* [RECORDED INFORMATION]:
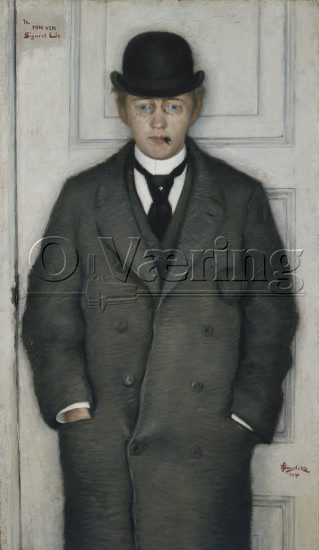 Artist: Severin Segelcke (1867-1940)
Size: 
Location: Private
Photo: O.Væring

* [PROBLEM STATEMENT]:
With the images removed, write out all of the material above exactly.

* [THE COMPLETED TASK]:
 Artist: Severin Segelcke (1867-1940)
Size: 
Location: Private
Photo: O.Væring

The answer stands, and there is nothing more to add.